Aim of the task: I would like you to transcribe all of the data exactly.

Records for this exercise:

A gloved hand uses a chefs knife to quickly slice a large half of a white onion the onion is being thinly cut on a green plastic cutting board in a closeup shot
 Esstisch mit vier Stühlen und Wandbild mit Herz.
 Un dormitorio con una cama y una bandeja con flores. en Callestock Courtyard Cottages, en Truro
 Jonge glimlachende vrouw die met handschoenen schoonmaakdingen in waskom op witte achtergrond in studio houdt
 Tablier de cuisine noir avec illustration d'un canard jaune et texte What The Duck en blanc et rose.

Task answer:
A gloved hand uses a chefs knife to quickly slice a large half of a white onion the onion is being thinly cut on a green plastic cutting board in a closeup shot
 Esstisch mit vier Stühlen und Wandbild mit Herz.
 Un dormitorio con una cama y una bandeja con flores. en Callestock Courtyard Cottages, en Truro
 Jonge glimlachende vrouw die met handschoenen schoonmaakdingen in waskom op witte achtergrond in studio houdt
 Tablier de cuisine noir avec illustration d'un canard jaune et texte What The Duck en blanc et rose.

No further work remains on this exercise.